Connor Lake - crlake2

Aashish Kapur - askapur2

# Problem

Buses are scheduled inefficiently. Traditionally buses are scheduled in 10-30 minute intervals with no regard the the actual load of people at any given stop at a given time. This results in some buses being packed, and others empty.

# Solution Overview

Introducing the _BusPlan_: A network of smart detectors that actively survey the amount of people waiting at a bus stop to determine the ideal amount of buses at any given time and location.

To technically achieve this, the device will use a wifi chip to listen for probe requests from nearby wifi-devices (we assume to be closely correlated with the number of people). It will use a radio chip to mesh network with other nearby devices at other bus stops. For power the device will use a solar cell and Li-Ion battery.

With the existing mesh network, we also are considering hosting wifi at each deployed location. This might include media, advertisements, localized wifi (restricted to bus stops), weather forecasts, and much more.

# Solution Components

## Wifi Chip

- esp8266 to wake periodically and listen for wifi probe requests.

## Radio chip

- NRF24L01 chip to connect to nearby devices and send/receive data.

## Microcontroller

- Microcontroller (Atmel atmega328) to control the RF chip and the wifi chip. It also manages the caching and sending of data. After further research we may not need this microcontroller. We will attempt to use just the ens86606 chip and if we cannot successfully use the SPI interface, we will use the atmega as a middleman.

## Power Subsystem

- Solar panel that will convert solar power to electrical power

- Power regulator chip in charge of taking the power from the solar panel and charging a small battery with it

- Small Li-Ion battery to act as a buffer for shady moments and rainy days

## Software and Server

- Backend api to receive and store data in mongodb or mysql database

- Data visualization frontend

- Machine learning predictions (using LSTM model)

# Criteria for Success

- Successfully collect an accurate measurement of number of people at bus stops

- Use data to determine optimized bus deployment schedules.

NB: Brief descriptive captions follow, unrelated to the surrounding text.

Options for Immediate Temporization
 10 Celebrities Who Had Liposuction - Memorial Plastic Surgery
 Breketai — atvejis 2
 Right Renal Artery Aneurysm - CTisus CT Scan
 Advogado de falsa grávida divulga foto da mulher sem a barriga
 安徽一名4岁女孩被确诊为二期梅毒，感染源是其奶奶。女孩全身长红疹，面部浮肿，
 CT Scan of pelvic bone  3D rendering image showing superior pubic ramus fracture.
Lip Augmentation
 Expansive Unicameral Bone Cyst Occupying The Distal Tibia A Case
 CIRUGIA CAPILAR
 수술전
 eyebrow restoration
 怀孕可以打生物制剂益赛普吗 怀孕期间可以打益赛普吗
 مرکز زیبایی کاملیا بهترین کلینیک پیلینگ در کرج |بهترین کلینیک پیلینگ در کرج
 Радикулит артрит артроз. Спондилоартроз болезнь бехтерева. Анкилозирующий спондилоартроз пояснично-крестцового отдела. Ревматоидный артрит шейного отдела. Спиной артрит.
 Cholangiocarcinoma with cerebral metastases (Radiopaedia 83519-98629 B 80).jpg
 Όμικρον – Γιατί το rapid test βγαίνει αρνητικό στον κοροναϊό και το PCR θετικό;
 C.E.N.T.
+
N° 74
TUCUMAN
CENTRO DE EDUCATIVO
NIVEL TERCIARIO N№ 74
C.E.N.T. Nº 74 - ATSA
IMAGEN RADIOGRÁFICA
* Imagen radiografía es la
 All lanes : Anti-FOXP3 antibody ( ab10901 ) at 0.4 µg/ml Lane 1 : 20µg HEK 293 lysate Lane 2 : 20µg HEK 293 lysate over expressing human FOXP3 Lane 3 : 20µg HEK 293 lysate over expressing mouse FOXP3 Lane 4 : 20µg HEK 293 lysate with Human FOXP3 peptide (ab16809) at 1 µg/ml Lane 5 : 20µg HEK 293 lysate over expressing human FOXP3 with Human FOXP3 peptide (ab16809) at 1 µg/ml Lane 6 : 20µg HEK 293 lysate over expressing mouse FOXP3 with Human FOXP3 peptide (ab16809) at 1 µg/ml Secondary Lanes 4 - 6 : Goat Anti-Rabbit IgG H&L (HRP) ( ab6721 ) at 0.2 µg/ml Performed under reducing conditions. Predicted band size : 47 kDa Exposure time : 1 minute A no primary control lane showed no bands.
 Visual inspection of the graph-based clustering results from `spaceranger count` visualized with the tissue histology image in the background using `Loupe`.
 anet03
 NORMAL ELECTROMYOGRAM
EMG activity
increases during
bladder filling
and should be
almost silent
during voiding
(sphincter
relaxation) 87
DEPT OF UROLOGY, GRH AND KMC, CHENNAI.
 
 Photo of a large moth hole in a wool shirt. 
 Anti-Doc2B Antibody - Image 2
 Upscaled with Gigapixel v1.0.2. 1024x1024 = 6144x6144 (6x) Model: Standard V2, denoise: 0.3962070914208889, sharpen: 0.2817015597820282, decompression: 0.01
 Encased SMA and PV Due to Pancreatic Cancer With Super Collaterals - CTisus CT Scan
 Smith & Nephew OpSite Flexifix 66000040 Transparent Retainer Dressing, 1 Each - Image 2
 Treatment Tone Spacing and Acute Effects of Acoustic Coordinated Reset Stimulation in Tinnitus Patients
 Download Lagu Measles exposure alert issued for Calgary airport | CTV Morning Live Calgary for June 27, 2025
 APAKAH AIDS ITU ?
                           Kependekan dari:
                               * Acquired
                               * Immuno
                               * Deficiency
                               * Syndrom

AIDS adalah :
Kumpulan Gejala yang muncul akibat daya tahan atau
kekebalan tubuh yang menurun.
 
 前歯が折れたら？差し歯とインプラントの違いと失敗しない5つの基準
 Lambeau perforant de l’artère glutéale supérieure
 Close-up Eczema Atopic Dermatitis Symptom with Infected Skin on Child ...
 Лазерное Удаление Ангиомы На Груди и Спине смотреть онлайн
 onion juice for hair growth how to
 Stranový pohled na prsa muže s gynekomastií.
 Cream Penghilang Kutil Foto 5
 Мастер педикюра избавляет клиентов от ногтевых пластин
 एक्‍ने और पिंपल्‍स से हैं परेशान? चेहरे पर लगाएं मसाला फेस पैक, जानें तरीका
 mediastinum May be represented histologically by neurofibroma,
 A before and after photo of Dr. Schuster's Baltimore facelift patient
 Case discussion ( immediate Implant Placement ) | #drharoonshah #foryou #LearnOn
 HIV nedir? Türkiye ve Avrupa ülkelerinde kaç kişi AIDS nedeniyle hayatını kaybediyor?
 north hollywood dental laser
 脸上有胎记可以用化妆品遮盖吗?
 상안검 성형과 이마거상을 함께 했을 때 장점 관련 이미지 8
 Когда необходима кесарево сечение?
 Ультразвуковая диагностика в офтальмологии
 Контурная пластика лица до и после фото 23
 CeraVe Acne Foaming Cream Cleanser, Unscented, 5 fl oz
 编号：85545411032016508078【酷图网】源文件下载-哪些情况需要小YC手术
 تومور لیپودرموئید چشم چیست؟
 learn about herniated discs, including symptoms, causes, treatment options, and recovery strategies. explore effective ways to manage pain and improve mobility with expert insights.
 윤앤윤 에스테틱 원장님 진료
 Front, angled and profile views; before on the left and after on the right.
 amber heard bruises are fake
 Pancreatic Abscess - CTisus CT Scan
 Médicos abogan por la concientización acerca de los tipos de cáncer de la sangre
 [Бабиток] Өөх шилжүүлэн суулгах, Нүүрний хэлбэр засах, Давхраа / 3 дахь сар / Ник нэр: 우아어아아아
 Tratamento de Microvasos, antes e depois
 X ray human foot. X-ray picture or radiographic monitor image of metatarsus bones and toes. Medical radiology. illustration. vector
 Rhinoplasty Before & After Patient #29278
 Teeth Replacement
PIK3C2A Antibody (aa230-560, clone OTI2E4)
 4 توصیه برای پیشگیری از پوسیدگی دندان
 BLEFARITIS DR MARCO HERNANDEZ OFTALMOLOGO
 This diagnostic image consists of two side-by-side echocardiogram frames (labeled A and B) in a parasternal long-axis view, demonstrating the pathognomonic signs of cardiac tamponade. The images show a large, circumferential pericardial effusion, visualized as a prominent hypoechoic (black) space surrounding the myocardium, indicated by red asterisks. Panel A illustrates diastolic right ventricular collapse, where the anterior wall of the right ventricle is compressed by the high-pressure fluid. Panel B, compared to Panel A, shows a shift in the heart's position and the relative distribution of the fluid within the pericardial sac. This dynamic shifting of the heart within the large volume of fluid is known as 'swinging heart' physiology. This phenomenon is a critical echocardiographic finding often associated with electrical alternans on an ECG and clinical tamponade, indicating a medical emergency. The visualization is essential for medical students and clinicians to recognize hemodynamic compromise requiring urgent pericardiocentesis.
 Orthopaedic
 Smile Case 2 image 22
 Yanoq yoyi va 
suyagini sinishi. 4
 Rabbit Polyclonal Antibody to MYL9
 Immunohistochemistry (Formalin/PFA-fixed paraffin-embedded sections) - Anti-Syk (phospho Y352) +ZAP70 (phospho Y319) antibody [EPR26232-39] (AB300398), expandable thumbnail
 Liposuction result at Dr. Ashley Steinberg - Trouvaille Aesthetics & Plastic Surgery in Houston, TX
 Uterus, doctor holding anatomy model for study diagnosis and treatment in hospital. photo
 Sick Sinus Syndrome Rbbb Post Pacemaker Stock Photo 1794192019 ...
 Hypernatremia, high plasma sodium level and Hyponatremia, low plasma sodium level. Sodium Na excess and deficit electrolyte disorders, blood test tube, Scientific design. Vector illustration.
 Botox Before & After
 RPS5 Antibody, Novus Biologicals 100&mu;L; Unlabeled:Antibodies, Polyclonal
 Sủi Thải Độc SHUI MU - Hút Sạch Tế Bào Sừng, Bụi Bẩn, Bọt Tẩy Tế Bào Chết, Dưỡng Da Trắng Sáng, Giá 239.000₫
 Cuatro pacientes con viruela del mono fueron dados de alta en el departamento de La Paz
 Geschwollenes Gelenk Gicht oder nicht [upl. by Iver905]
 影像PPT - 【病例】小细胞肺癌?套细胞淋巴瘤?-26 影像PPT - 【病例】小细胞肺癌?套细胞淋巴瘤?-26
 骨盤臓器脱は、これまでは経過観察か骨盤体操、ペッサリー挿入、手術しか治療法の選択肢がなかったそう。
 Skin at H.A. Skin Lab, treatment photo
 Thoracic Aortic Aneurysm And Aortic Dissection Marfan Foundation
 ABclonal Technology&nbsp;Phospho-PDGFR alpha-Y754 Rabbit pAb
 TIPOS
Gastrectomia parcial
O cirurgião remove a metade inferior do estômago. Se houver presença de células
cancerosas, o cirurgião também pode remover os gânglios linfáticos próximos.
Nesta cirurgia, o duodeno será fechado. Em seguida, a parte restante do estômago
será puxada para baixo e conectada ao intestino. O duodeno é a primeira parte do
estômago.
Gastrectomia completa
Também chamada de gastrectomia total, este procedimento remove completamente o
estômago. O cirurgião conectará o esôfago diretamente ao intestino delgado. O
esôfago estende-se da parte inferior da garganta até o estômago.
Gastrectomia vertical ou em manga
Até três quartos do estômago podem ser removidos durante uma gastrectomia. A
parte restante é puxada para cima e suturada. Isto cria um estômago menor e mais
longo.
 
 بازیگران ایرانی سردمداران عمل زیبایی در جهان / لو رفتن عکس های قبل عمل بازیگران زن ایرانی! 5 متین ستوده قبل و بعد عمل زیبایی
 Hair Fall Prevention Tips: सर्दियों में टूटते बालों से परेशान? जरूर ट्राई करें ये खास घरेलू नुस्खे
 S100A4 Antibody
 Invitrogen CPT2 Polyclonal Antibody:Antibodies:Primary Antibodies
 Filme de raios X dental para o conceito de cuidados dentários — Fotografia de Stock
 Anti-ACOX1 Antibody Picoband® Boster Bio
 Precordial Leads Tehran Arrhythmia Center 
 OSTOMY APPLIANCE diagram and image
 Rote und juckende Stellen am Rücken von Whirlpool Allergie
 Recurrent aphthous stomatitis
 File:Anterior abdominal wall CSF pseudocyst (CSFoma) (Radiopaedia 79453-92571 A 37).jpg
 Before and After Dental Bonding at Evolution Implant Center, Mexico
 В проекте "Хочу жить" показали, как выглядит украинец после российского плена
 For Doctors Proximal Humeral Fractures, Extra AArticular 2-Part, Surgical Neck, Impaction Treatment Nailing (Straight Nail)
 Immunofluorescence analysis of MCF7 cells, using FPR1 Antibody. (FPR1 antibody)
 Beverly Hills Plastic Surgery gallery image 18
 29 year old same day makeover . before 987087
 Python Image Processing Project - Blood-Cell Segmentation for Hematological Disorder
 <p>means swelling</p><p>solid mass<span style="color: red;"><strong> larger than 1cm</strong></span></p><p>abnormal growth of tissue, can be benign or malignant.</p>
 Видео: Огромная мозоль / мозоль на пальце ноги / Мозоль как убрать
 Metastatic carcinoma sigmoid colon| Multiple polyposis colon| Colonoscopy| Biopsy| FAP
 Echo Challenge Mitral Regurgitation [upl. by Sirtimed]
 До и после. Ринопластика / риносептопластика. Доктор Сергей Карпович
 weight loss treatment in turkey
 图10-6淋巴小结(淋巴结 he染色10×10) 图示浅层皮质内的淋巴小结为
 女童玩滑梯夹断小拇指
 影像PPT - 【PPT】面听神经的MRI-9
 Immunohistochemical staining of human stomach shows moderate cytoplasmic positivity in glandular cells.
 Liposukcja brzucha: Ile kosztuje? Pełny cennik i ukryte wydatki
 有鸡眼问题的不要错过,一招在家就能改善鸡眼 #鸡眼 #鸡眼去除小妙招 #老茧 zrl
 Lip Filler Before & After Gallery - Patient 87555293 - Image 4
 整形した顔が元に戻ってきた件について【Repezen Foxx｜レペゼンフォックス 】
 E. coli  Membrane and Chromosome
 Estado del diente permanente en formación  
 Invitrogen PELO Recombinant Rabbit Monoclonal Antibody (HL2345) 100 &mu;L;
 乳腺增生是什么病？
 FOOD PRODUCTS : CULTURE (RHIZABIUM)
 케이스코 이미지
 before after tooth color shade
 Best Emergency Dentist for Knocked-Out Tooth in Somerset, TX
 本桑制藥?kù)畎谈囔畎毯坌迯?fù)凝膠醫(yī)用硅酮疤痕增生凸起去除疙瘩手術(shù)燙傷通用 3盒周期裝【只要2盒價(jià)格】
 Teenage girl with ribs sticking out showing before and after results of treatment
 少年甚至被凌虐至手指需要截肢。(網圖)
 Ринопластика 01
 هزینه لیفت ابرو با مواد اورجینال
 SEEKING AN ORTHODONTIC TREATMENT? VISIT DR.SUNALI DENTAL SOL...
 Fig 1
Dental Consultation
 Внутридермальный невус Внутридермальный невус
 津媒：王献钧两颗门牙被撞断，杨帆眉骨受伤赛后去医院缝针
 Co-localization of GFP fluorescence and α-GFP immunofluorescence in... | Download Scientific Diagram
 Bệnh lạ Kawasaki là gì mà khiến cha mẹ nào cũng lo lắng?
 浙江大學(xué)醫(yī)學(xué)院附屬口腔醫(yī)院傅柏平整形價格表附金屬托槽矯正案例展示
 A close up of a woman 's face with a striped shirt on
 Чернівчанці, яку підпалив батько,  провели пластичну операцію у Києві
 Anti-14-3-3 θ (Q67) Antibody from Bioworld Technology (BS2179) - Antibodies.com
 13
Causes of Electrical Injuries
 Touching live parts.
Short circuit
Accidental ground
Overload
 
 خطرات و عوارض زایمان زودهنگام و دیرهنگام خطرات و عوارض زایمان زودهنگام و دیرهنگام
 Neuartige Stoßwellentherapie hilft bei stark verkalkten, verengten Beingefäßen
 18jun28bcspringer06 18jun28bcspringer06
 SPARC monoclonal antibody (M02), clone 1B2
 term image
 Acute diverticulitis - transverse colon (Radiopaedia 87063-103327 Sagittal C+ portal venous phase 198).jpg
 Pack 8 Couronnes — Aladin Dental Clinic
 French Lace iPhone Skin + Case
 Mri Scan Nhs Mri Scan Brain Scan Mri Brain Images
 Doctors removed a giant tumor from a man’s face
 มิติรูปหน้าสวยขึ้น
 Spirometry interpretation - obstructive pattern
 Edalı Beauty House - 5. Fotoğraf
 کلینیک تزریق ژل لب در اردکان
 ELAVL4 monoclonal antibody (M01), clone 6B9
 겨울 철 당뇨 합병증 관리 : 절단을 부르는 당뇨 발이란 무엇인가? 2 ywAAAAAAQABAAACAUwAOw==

- Use data to provide useful visualizations.

# Ethics and Safety

It is important to take into consideration the privacy aspect of users when collecting unique device tokens. We will make sure to follow the existing ethics guidelines established by IEEE and ACM.

There are several potential issues that might arise under very specific conditions: High temperature and harsh environment factors may make the Li-Ion batteries explode. Rainy or moist environments may lead to short-circuiting of the device.

We plan to address all these issues upon our project proposal.

# Competitors

https://www.accuware.com/products/locate-wifi-devices/

Accuware currently has a device that helps locate wifi devices. However our devices will be tailored for bus stops and the data will be formatted in a the most productive ways from the perspective of bus companies.